◆ Exercise objective
Below are the entries to work from; restate word for word the portion that opens with the line containing "台東景點。黑森林公園~琵琶湖" and closes with the line containing "李渡街道嵐馬村芬芳葡萄園。李渡街道供圖", keeping both.

◆ Data extract
--- START ---
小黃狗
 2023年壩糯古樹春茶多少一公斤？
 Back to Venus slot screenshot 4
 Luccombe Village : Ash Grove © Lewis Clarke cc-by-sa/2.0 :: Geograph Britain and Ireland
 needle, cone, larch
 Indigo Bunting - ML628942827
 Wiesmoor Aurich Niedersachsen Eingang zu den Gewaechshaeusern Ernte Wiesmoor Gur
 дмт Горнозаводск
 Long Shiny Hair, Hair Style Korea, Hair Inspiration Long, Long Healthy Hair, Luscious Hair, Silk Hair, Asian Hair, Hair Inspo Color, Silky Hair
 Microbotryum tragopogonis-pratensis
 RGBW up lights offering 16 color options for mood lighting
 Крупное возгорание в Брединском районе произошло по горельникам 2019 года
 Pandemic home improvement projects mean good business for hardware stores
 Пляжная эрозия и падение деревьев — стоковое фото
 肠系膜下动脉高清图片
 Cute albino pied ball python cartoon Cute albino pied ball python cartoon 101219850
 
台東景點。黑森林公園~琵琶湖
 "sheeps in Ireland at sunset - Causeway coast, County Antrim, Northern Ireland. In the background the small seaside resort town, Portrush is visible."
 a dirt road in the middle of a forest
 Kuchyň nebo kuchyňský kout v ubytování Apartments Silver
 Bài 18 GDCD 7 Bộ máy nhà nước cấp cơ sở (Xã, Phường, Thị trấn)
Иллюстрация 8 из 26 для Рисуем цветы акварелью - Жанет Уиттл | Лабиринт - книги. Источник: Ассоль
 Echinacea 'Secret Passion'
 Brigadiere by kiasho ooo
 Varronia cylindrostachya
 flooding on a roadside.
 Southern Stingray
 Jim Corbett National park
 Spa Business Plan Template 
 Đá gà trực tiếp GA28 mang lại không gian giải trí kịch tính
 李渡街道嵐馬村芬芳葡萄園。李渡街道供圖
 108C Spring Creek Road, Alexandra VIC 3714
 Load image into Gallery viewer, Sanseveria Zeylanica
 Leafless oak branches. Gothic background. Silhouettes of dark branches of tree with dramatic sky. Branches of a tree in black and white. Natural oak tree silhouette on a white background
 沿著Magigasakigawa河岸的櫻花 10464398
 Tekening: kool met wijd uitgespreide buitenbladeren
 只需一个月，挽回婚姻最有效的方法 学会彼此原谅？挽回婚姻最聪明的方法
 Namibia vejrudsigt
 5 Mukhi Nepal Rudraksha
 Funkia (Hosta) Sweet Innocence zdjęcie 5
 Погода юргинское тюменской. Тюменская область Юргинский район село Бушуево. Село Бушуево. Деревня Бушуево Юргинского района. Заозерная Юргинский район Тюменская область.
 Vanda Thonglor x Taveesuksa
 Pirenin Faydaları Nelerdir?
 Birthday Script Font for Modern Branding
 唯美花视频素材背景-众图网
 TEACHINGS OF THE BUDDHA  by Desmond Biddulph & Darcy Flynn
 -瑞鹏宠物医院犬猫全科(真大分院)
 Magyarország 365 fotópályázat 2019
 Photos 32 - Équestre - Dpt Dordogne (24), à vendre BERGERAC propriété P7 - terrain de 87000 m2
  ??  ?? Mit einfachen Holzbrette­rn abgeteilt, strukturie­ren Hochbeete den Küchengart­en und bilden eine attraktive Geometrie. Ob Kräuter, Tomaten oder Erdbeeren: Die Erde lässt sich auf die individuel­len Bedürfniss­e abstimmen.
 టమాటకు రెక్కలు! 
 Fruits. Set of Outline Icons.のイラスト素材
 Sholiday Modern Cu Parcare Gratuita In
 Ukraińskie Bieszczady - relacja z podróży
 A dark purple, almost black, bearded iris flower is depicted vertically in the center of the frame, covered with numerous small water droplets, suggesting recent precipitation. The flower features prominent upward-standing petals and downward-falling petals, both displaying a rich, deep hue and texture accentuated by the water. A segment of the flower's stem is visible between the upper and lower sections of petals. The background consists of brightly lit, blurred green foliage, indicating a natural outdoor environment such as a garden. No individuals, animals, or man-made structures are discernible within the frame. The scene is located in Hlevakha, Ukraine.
--- END ---
◆ Task output
台東景點。黑森林公園~琵琶湖
 "sheeps in Ireland at sunset - Causeway coast, County Antrim, Northern Ireland. In the background the small seaside resort town, Portrush is visible."
 a dirt road in the middle of a forest
 Kuchyň nebo kuchyňský kout v ubytování Apartments Silver
 Bài 18 GDCD 7 Bộ máy nhà nước cấp cơ sở (Xã, Phường, Thị trấn)
Иллюстрация 8 из 26 для Рисуем цветы акварелью - Жанет Уиттл | Лабиринт - книги. Источник: Ассоль
 Echinacea 'Secret Passion'
 Brigadiere by kiasho ooo
 Varronia cylindrostachya
 flooding on a roadside.
 Southern Stingray
 Jim Corbett National park
 Spa Business Plan Template 
 Đá gà trực tiếp GA28 mang lại không gian giải trí kịch tính
 李渡街道嵐馬村芬芳葡萄園。李渡街道供圖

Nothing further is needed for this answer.